I don’t think the lack of an earth-shattering ka-FOOM changes much of the logic of FAI. Smart enough to take over the world is enough to make human existence way better, or end it entirely.
It’s quite tricky to ensure that your superintelligent AI does anything like what you wanted it to. I don’t share the intuition that creating a “homeostasis” AI is any easier than an FAI. I think one move Eliezer is making in his “Creating Friendly AI” strategy is to minimize the goals you’re trying to give the machine; just CEV.
I think this makes apparent what a good CEV seeker needs anyway; some sense of restraint when CEV can’t be reliably extrapolated in one giant step. It’s less than certain that even a full FOOM AI could reliably extrapolate to some final most-preferred world state.
I’d like to see a program where humanity actually chooses its own future; we skip the extrapolation and just use CV repeatedly; let people live out their own extrapolation.
Does just CV work all right? I don’t know, but it might. Sure, Palestinians want to kill Israelis and vice versa; but they both want to NOT be killed way more than they want to kill, and most other folks don’t want to see either of them killed.
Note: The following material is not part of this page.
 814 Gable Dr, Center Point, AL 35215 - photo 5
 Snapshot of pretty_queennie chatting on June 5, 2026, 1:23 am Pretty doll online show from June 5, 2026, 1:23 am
Or perhaps we need a much more cautious, “OK, let’s vote on improvements, but they can’t kill anybody and benefits have to be available to everyone...” policy for the central guide of AI.
CEV is a well thought out proposal (perhaps the only one—counterexamples?), but we need more ideas in the realm of AI motivation/ethics systems. Particularly, ways to get from a practical AI with goals like “design neat products for GiantCo” or “obey orders from my commanding officer” to ensure that they don’t ruin everything if they start to self-improve. Not everyone is going to want to give their AI CEV as its central goal, at least not until it’s clear it can/will self improve, at which point it’s probably too late.
Well, yes; it’s not straightforward to go from brains to preferences. But for any particular definition of preference, a given brain’s “preference” is just a fact about that brain. If this is true, it’s important to understanding morality/ethics/volition.